Over the years, it has been proved that there is no good for Pakistan in fighting with India, and now a former CIA officer has echoed the same view. John Kiriakou has said Pakistan will lose any conventional war with India. Kiriakou, who was in CIA for 15 years and was the chief of CIA counterterrorism operations in Pakistan, made the statement in an interview with ANI.
Recalling his time being stationed in Pakistan in 2002, Kiriakou shared he was unofficially told that the Pentagon controlled the Pakistan nuclear arsenal. “That Musharraf had turned control over to the United States…But the Pakistanis in the intervening years, have come to say that is absolutely not true. The US has nothing to do with the Pakistani nuclear arsenal, that Pakistani generals are the ones who control it,” he revealed.
India-Pakistan conflict: Why any such fight is only bad news for Islamabad?
Former CIA officer Kiriakou noted that “nothing, literally nothing good will come of an actual war between India and Pakistan because the Pakistanis will lose. It’s as simple as that. They’ll lose. And I’m not talking about nuclear weapons — I’m talking just about a conventional war.”
And so there is no benefit to constantly provoking Indians, he stressed.
In another such striking revelation, the former CIA counterterrorism officer laid bare Pakistan’s duplicity during the post-9/11 years, exposing how Islamabad harboured and nurtured terror networks even while posing as Washington’s ally. He called Pakistan a nation torn between two faces – “one trained by the FBI and Sandhurst, and another with long beards who built terror groups like Jaish-e-Mohammed.”
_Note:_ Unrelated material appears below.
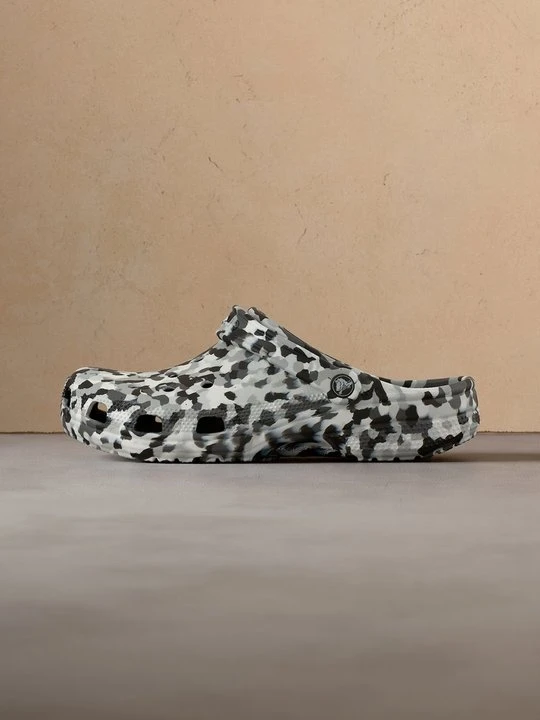 Zdjęcie produktu Klapki płaskie Crocs czarny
“We captured Lashkar-e-Tayyiba fighters in Lahore who had Al-Qaeda training manuals. That was the first time we could link the Pakistani government directly to Al-Qaeda,” Kiriakou said, exposing Islamabad’s terror nexus that the world chose to ignore.
How Pak nearly dragged the region into war?
Recalling the tense standoff of Operation Parakram in 2002, Kiriakou said the U.S. intelligence community was convinced that India and Pakistan were on the brink of war following the Parliament attack. “Family members had been evacuated from Islamabad. We thought war was inevitable,” he noted, describing how US diplomacy hurriedly intervened to cool tensions.
Kiriakou admitted that Washington’s tunnel vision on Al-Qaeda and Afghanistan blinded it to India’s legitimate security concerns – a mistake that, in his view, allowed Pakistan’s terror machinery to operate unchecked for years.
Kiriakou on India’s global conduct?
Contrasting India’s restraint with Pakistan’s provocations, the former CIA officer praised New Delhi’s “strategic patience” in the face of repeated terror attacks. “India showed restraint after both the Parliament and Mumbai attacks. At the CIA, we called this Indian policy strategic patience. But India can no longer risk that patience being mistaken for weakness,” he noted.
Kiriakou’s remarks underscore how India, despite facing state-sponsored terrorism, has consistently acted with maturity, winning global respect and reinforcing its position as a responsible regional power.
As global alignments shift, Kiriakou observed that nations like Saudi Arabia, that have been long reliant on Pakistani soldiers for protection, are now turning towards India for stronger diplomatic and defence partnerships. “We’re seeing a transformation in how the world operates. The Saudis are hedging their bets and improving relations with China and India,” he noted.